(Aim of the exercise):
Pictures excluded, return the lines below from the first through the line holding "Swollen LiFePO4 prismatic".

(Provided material):
BEGIN

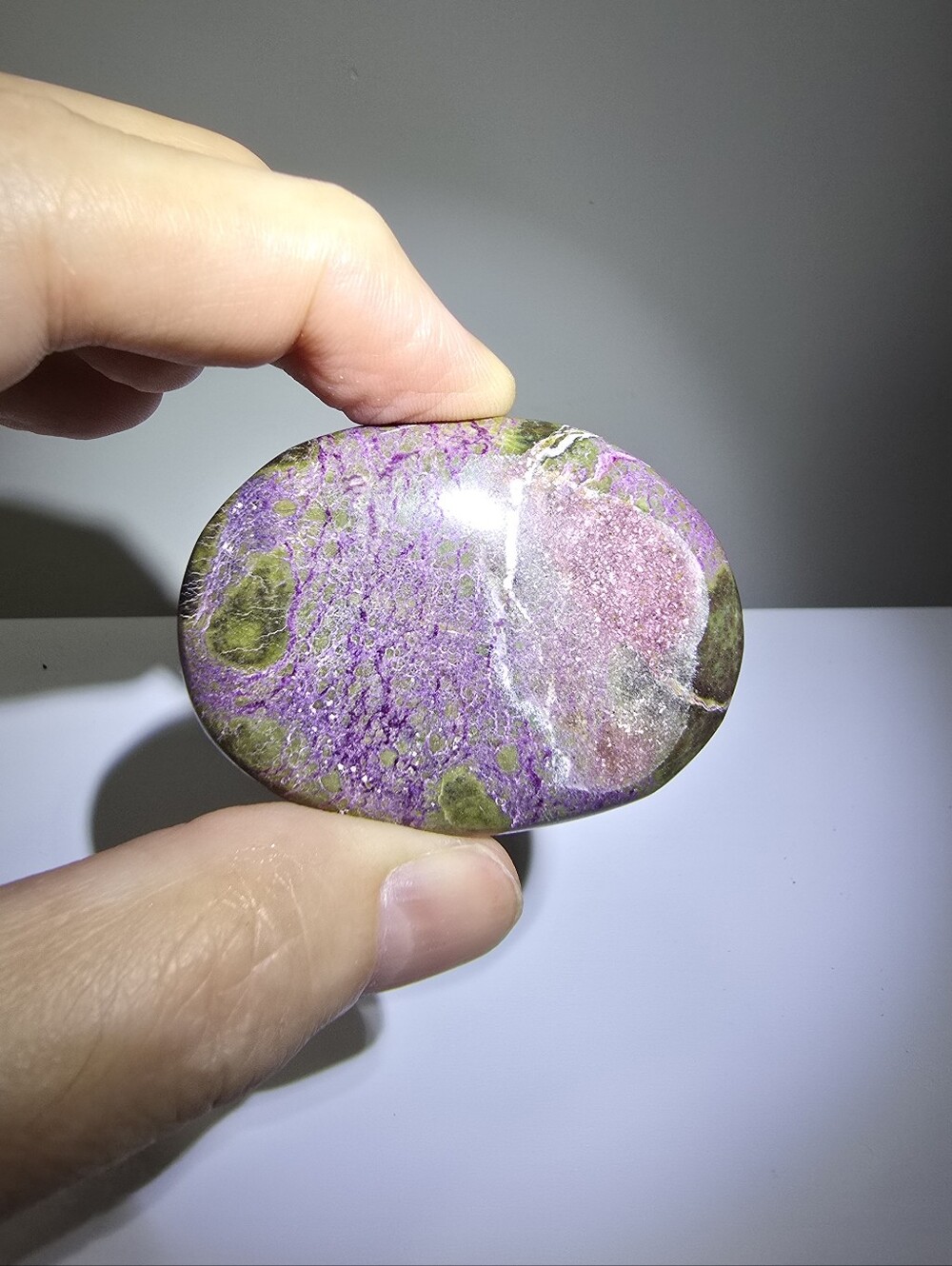 Atlantisite Crystal Palmstone #A, Aka Stichtite and Serpentine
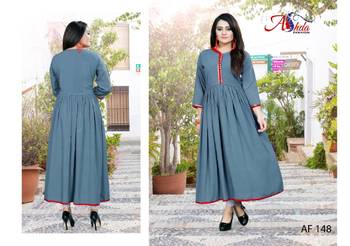 Multicolor hand woven rayon ethnic kurtis 5
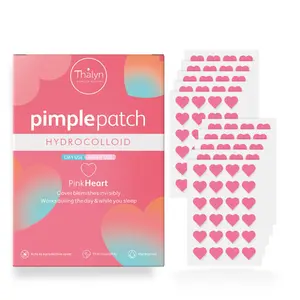 Colorful Boxed Acne Cover Stickers, Hydrocolloid Blemish Patches, Gotu Kola Ingredient, Heart Design, Moisturizing Skin Care, Blemish Relief Care, 240pcs, Cleanse Acne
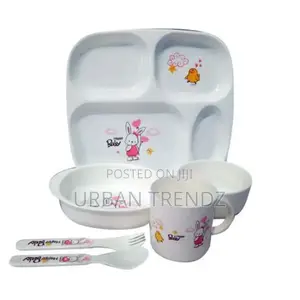 6pc Set Baby Feeding Plate Bowl Cup Plate Fork Spoon-Cream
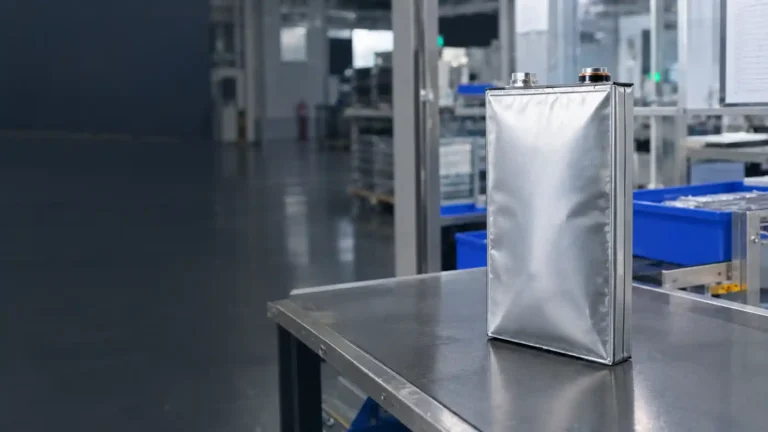 Swollen LiFePO4 prismatic battery cell in an industrial quality inspection area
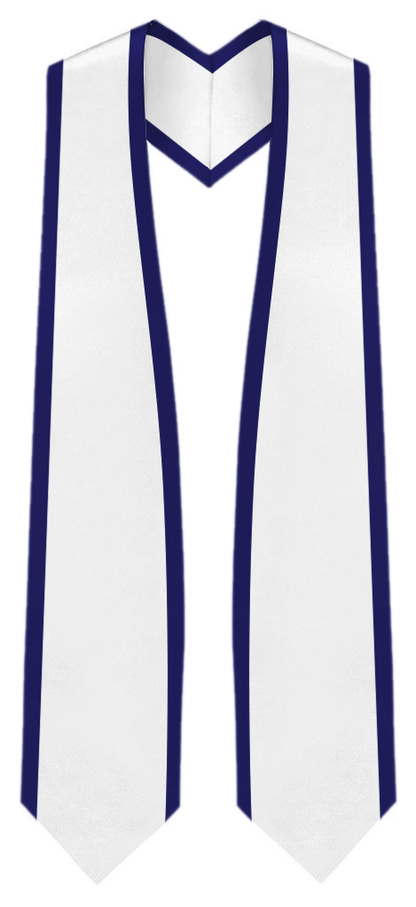 White Graduation Stole Pointed End With Trim - 72" Long - Stoles.com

END

(Task response):
 Atlantisite Crystal Palmstone #A, Aka Stichtite and Serpentine
 Multicolor hand woven rayon ethnic kurtis 5
 Colorful Boxed Acne Cover Stickers, Hydrocolloid Blemish Patches, Gotu Kola Ingredient, Heart Design, Moisturizing Skin Care, Blemish Relief Care, 240pcs, Cleanse Acne
 6pc Set Baby Feeding Plate Bowl Cup Plate Fork Spoon-Cream
 Swollen LiFePO4 prismatic battery cell in an industrial quality inspection area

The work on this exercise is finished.